そんなベンが俳優としてやっとハマリ役に出会ったと筆者が思ったのが、新作「The Accountant」の主人公クリスチャン。サヴァン症候群で数字に関して並外れた才能を示す彼は、地味な会計士の顔と、悪に対して容赦しない殺人鬼の顔を持っている。自閉症ゆえに他人とのコミュニケーションがうまくないので、乏しい表情や感情のないセリフの方が説得力がある。そして、193センチの長身がアクション・シーンでは映えること!

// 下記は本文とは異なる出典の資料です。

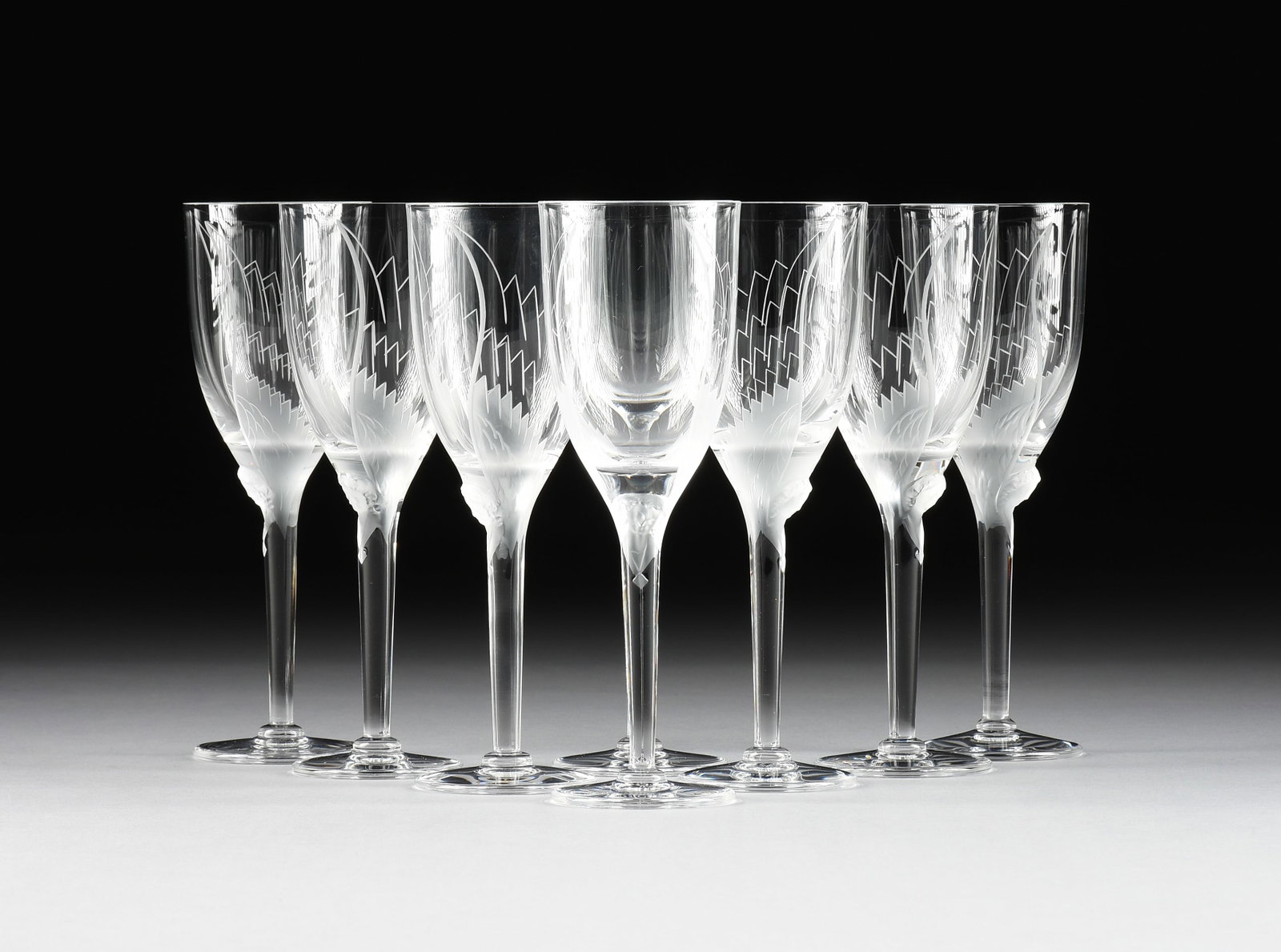 EIGHT LALIQUE "Angel" CHAMPAGNE FLUTES, FRENCH, LATE 20TH CENTURY, (1 of 4)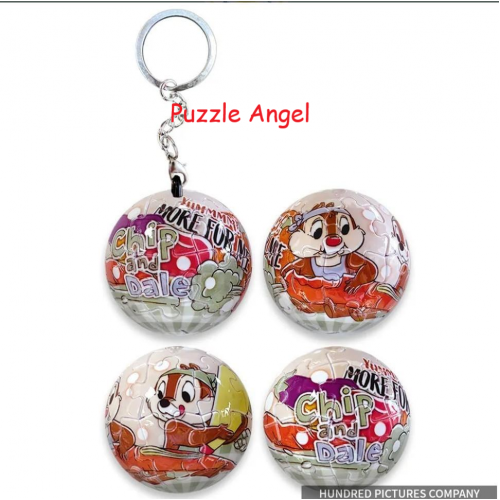 Chip an' Dale奇奇蒂蒂立體球型拼圖鑰匙圈24片, 直徑:3.98cm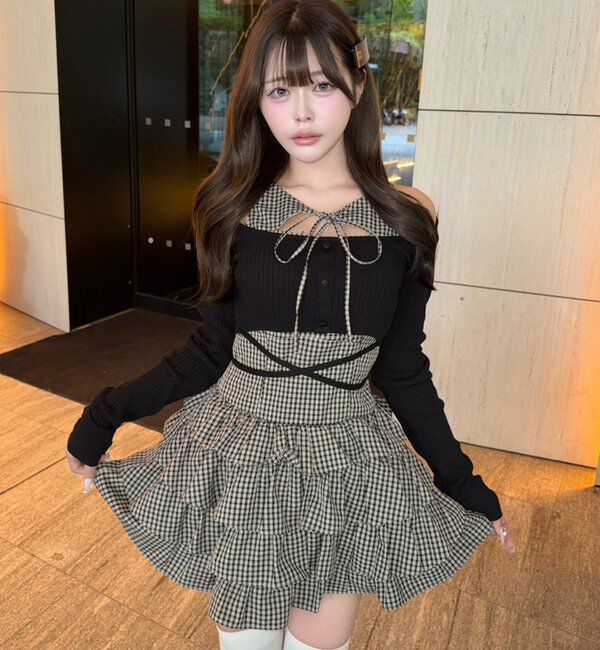  「アンサンブルティアードミニワンピース」|ワンピース|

本作の記者会見で、役作りについて話す彼は、父親としての顔も垣間見せた。
最も複雑で難しい役
「クリスチャンは、これまで演じた中で最も複雑なキャラで挑戦しがいのある役だった。しかもたくさんのリサーチが必要だった。リアルなキャラクターを作りたかったから、自閉症の人たちに直接会って様子を観察し、日々の暮らしや好きな映画などを聞いた。クリスチャンの人物像を複雑にすることでリアリティーが増すから、会った人たちから得たものを取り入れたよ。彼らは、実際に複雑な状況で複雑な生活・人生を送っている。生活に制限がある人もいれば、他の人にとって難しいことが簡単にできる能力を持っている人もいる。そして、アスペルガー症候群の人は機知に富んでいて、ユーモアたっぷりだってことも分かった。そういう要素もクリスチャンの中に入れたかった。とにかく、人それぞれ違う能力を持っているってことが分かったから、クリスチャンは絶対に複雑なキャラクターにすべきだって思ったんだ。彼は他人と心を通わしたいという本能はあるけど、それがうまくできない。そして、それを治すことはできない。女の子を前にして、腕を回してキスをするということができない。別のやり方で心を通わそうとする。それこそがまさに複雑で興味深いと思ったんだ」
一番心を痛める要素
ベンは離婚調停中の妻との間に4歳、7歳、10歳の子どもがいる。子どもたちとクリスチャンの症状について話したのだろうか。
「子どもたちは理解できる年頃だから、自閉症やアスペルガー症候群について話したよ。ただ、彼女たちの興味はレーティングだけで、『私たちが観れる映画にはいつ出るの?』って聞くだけだった(笑)。だから、『お前たちが25歳になったら観られるよ』って言うんだ(笑)」
親としての話題が出たところで、本作での父子関係について聞いてみた。クリスチャンの父親は、息子を「オレのルール」に従って育てる。親として、ベンは子育てにどんな考えを持っているのだろうか。
「本作の父子関係は、一番心を痛める要素だよね。僕は親として毎日、さまざまなジレンマに直面する。子供を育てるのに正しい道はどれだ? って考える。選択を迫られる瞬間の連続だ。当然のごとく僕らは間違えたり、失敗をしたりするけど、とにかくベストを尽くそうとする。自分の子供が傷つきやすく、弱い立場にいると知って恐怖を感じ、自分自身も弱い立場にいることを悟る。だから、この映画での父親の選択が分かるんだ。親でいるのは大変だよ」
セレブでも親としての悩みは同じだった。